El posterior desencanto fue muy grande, cuando se aniquiló lo que quedaba de institucionalidad democrática y se arremetió contra la prensa independiente, al tiempo que defendieron a rajatabla a algunos de sus funcionarios, pese a las evidentes denuncias de corrupción y negligencia en el ejercicio de la función pública.

Como también lo he dicho desde esta columna, lo antes mencionado no me impide reconocer las acciones positivas de su gobierno en materia tributaria, laboral, en obra pública, en modernización de la función pública y, sobre todo, en el tan necesario recambio generacional que miles de jóvenes profesionales capaces, pedían a gritos desde hace tiempo.

Lo que ocurre es que cuando están en peligro derechos tan vitales como la libertad de expresión y la independencia de la justicia, por mencionar a dos de los más importantes, cualquier otra gestión positiva de gobierno se eclipsa.
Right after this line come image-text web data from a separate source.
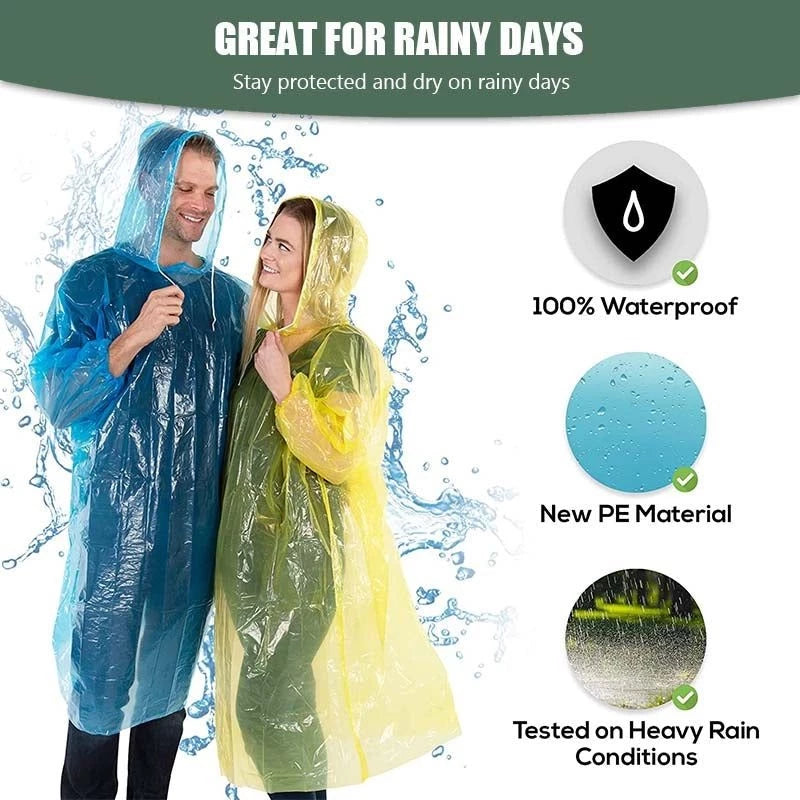 Pack of 2 Portable Pocket Raincoat
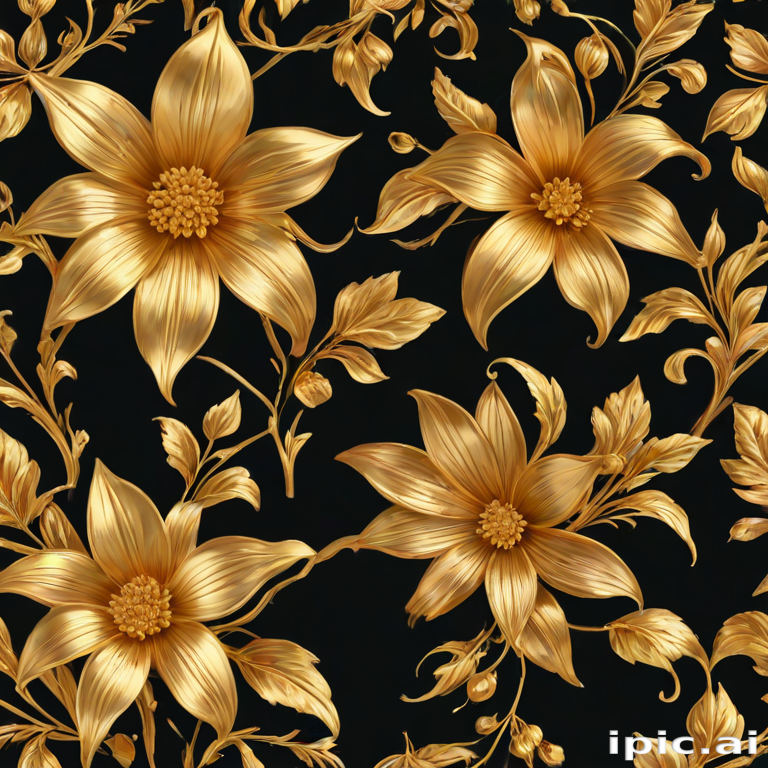 gold flowers png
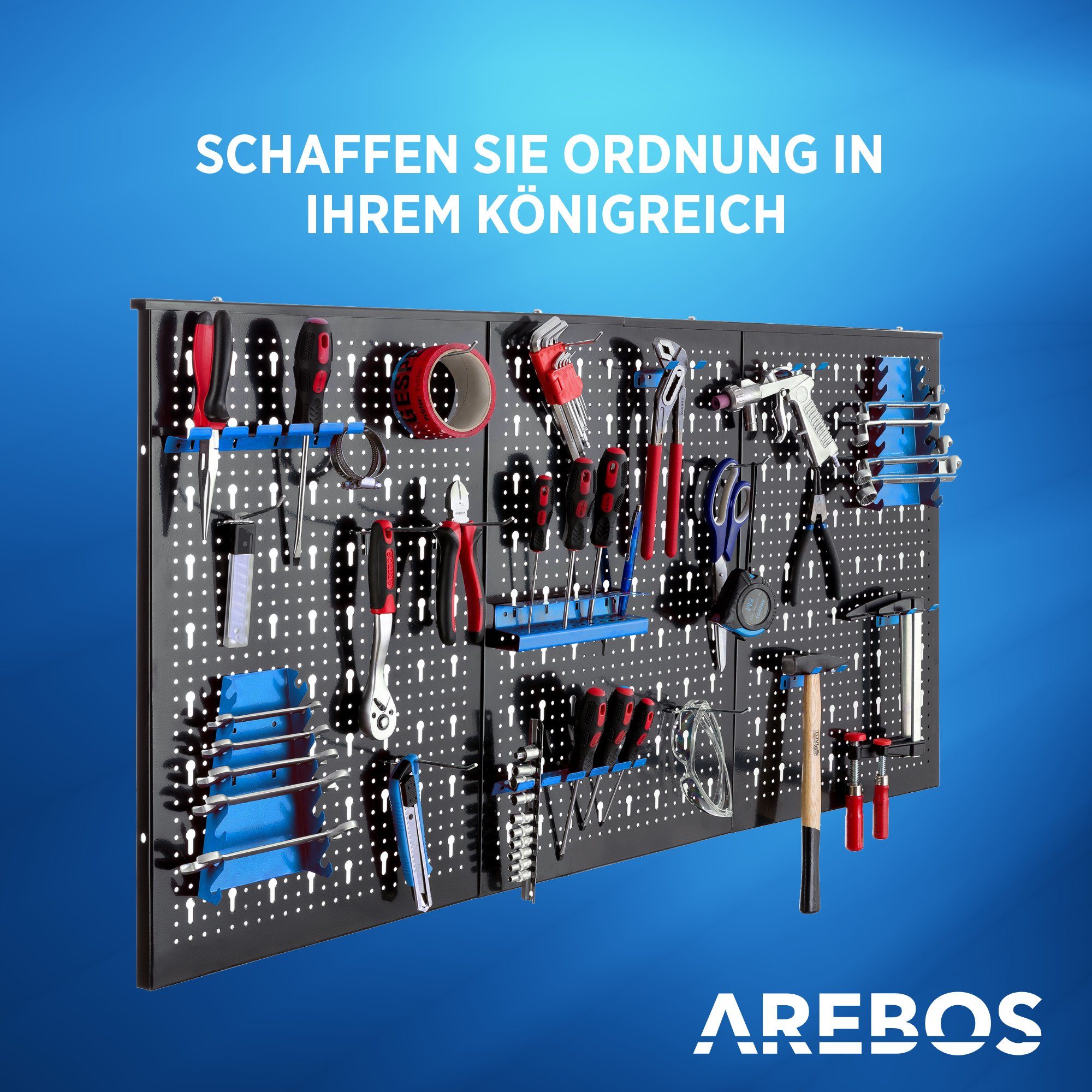 Arebos Lochwand Werkzeugwand dreiteilig, 17-teiliges Stk., Haken, mit 3 (Set) Schwarz/Blau Rot/Blau, 17 Hakenset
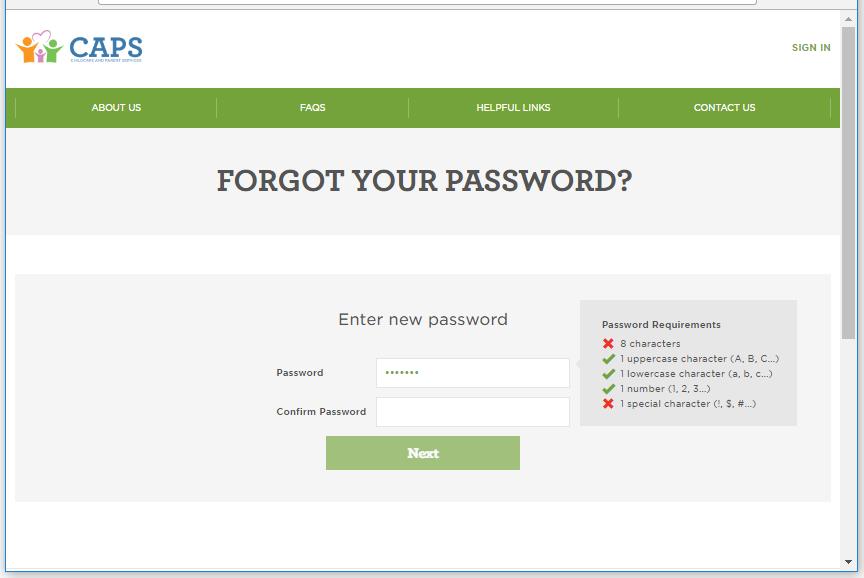 3. The user is then brought to the Enter new password page to set a new password. This password must conform to the criteria specified for the input box.
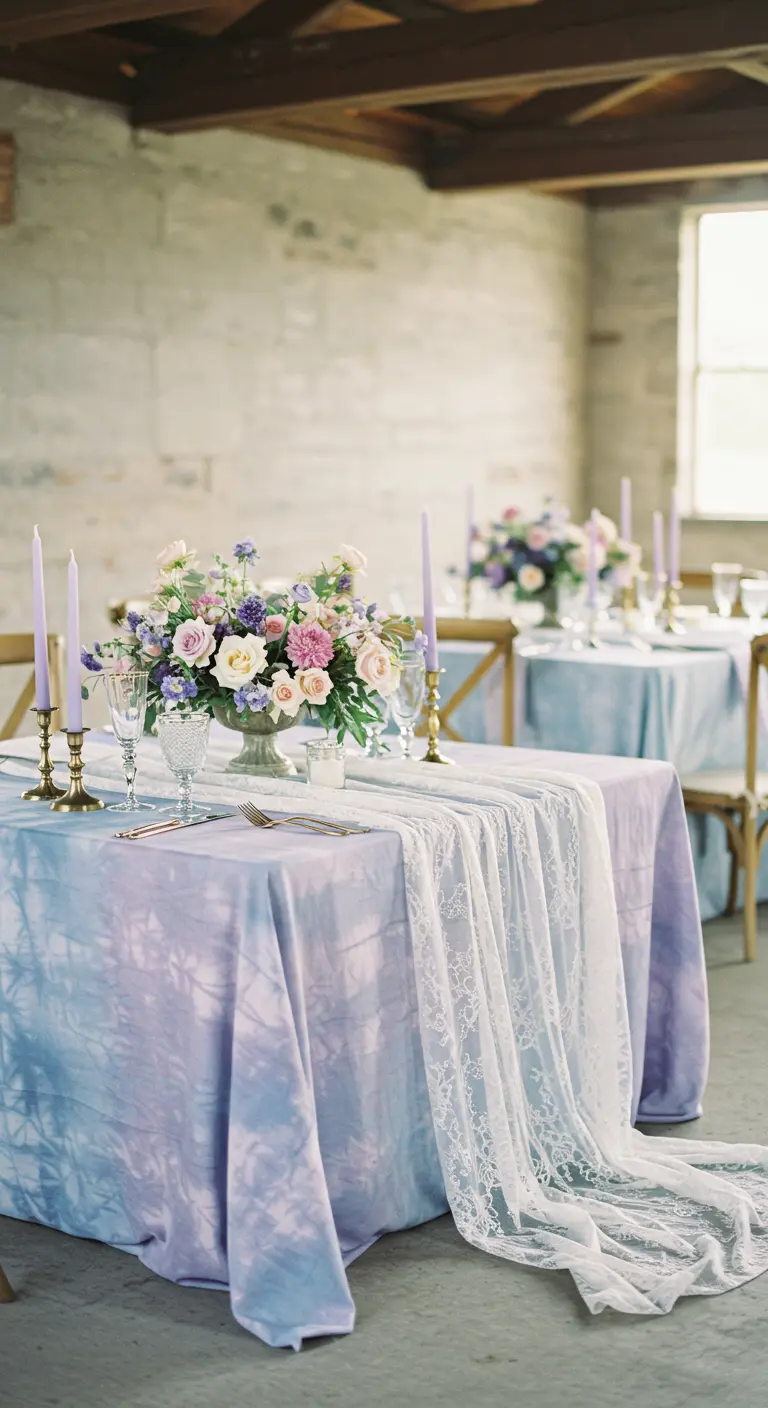 Mesa con mantel tie-dye en tonos pastel y camino de encaje blanco.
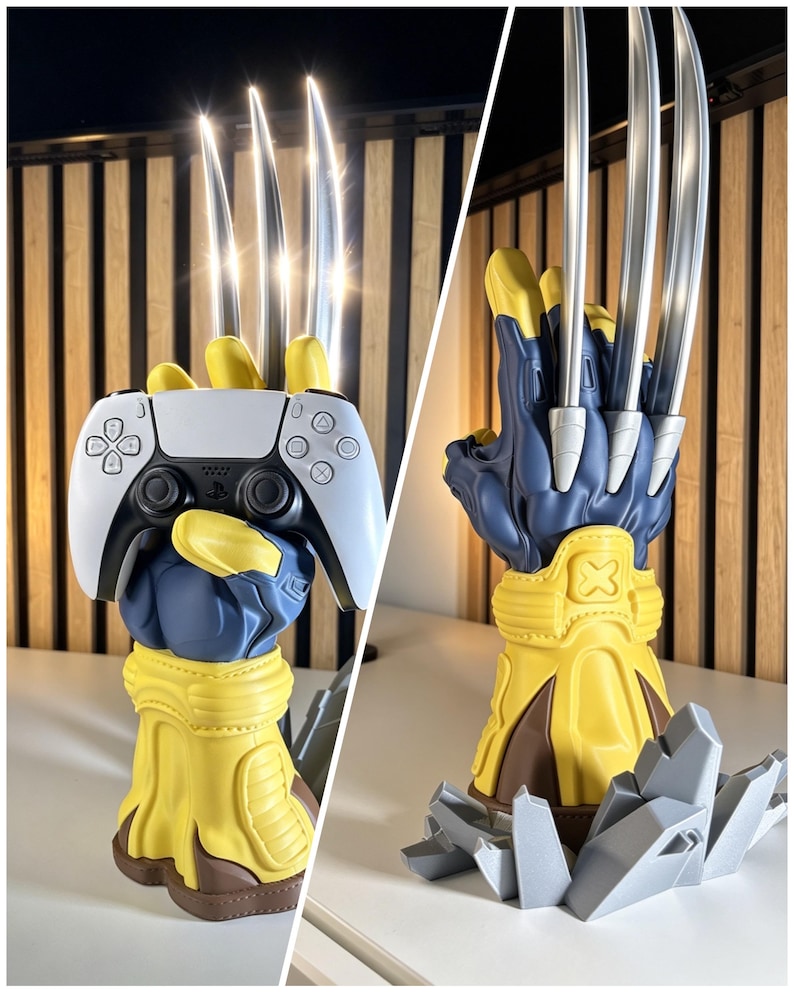 May include: A blue and yellow gauntlet-style stand featuring three long, silver metallic claws extending upward. The stand is designed to hold a white and black video game controller, with a base shaped like jagged gray rock fragments.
Así lo ve el mundo formado; así lo ven quienes tienen la objetividad y preparación suficiente como para no sucumbir ante los regalos, bonos y subsidios o la hipnotizante publicidad oficial que inunda los medios de comunicación del país y los sentidos de la mayoría de ecuatorianos.

Y estoy seguro de que cada vez que el presidente sale del país y conversa con sus homólogos y en general con altos funcionarios de otros gobiernos, entiende que desde afuera se ve un Ecuador con serios problemas democráticos, generados desde la cabeza del Estado. No es nuevo, no es una visión aislada. Él lo sabe y lo entiende.

De allí la necesidad de hacer una revisión seria del camino recorrido en estos más de seis años de gobierno; de hacer un balance de lo positivo y negativo de la revolución ciudadana desde adentro. Desde la visión de aquel que llegó al poder de la noche a la mañana y se ha convertido en un fenómeno político inédito en la historia nacional.

No sé qué tanto pudo influir el diálogo con el papa Francisco en este aparente cambio de actitud del presidente Correa, que se evidencia en ciertos cambios dentro de su gabinete y en ese llamado a la unidad que realizó a su llegada al Ecuador, luego del viaje por Europa; en la decisión de concretar acuerdos comerciales con la Unión Europea. Lo cierto es que existen señales de que este nuevo periodo de gobierno puede ser diferente para la agónica democracia ecuatoriana.

Tolerancia, respeto a la dignidad ajena (especialmente de los críticos de su accionar político) y conciencia de que los funcionarios de su gobierno son seres humanos (y, por lo tanto, capaces de sucumbir ante las tentaciones de la corrupción y el abuso del poder) son tres factores que pueden convertir a Rafael Correa en el líder que el Ecuador necesita para dar ese gran salto, que ni todo el dinero del mundo puede costear. Ese salto para cambiar la imagen del Ecuador en el extranjero y de su gobierno puertas adentro. El tiempo dirá si nos estamos equivocando de nuevo.